Industrie horlogère

Industrie horlogère : Rumeurs et incertitudes

L'industrie horlogère marque le paysage et les consciences de tout l'Arc jurassien. La production suisse représente à peine plus de 2 % des montres dans le monde, mais plus de 50 % de la valeur. Comptant aujourd'hui près de 60 000 emplois, c'est une industrie volatile, très cyclique, dont la production est presque totalement exportée. Dans les années 70 du siècle passé, le secteur était passé de 80 000 emplois à moins de 30 000 en quelques années. Certains avaient même craint sa disparition.

L'année 2015 aura été celle du retour de tous les doutes ; ça bruisse de rumeurs, des ateliers aux directions, dans les couloirs des administrations cantonales et communales, dans les secrétariats syndicaux, dans les rédactions, partout.

Il y a eu des licenciements durant l'année 2015, des centaines. Chez les sous-traitants, mais pas seulement. Les carnets de commandes se sont sérieusement rétrécis, mais en même temps, des investissements importants sont réalisés pour de nouvelles unités de production, plus modernes. Les exportations horlogères en 2015 ont baissé de 6 %, les emplois ont probablement suivi la même tendance. Globalement, ce n'est pas énorme, mais c'est autre chose pour les personnes touchées. La question est posée: est-ce le début d'une plongée ou une pause avant un redémarrage? Dans les médias, les patrons tiennent à afficher un visage serein, mais dans la réalité le gonflage des stocks en inquiète plus d'un.

Les causes, multiples, de cette baisse sont connues. L'Asie d'abord (Hong-Kong, premier marché d'exportation, en baisse de 37 % sur les deux dernières années), ensuite la Russie et les pays émergents dépendants du pétrole. La force du franc est régulièrement dénoncée tant du côté patronal (en particulier Hayek, patron de Swatch) que des syndicats. Pour l'instant, la baisse des ventes n'est pas liée à une perte de parts du marché mondial, c'est plutôt le marché qui se rétracte. A tout cela s'ajoute une inconnue technologique: quel sera l'impact des montres connectées? Vont-elles tirer les prix du marché vers le bas et quelle place l'horlogerie suisse pourra-t-elle s'y faire, face aux géants des téléphones portables?

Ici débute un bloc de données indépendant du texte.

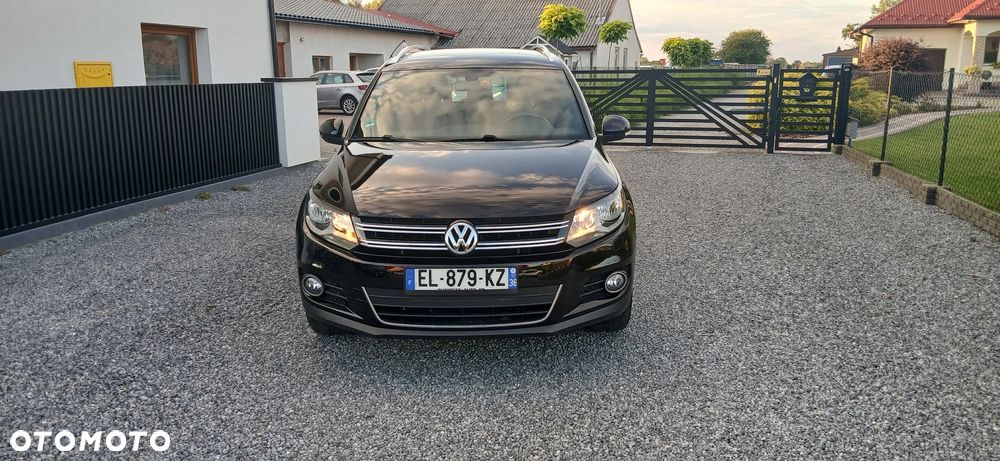 Volkswagen Tiguan 2.0 TDI DPF BlueMotion Technology Lounge Sport & Style - 2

L'incertitude domine donc, et le spectaculaire rebond de l'horlogerie suisse après la crise de 2008 touche à sa fin.

 

 

Une CCT à renouveler

L'horlogerie suisse a toujours été un secteur important pour le syndicat Unia. Il y a beaucoup de membres et la convention collective de travail est taillée sur mesure pour encourager l'adhésion au syndicat. Le partenariat social (discussion entre patrons et syndicats dans le respect de la paix du travail) règne en maître ; les patrons horlogers y sont très attachés, car la valeur d'une montre n'est pas tant de donner l'heure, sa valeur symbolique est bien plus importante ; son image de marque est un mélange de travail bien fait, de quasi-artisanat, d'application, d'entente, bien loin du conflit social et de la lutte des classes. Pourtant la vie dans une usine d'horlogerie, avec son travail posté, parcellisé, répétitif, est bien loin de cette image d'Epinal.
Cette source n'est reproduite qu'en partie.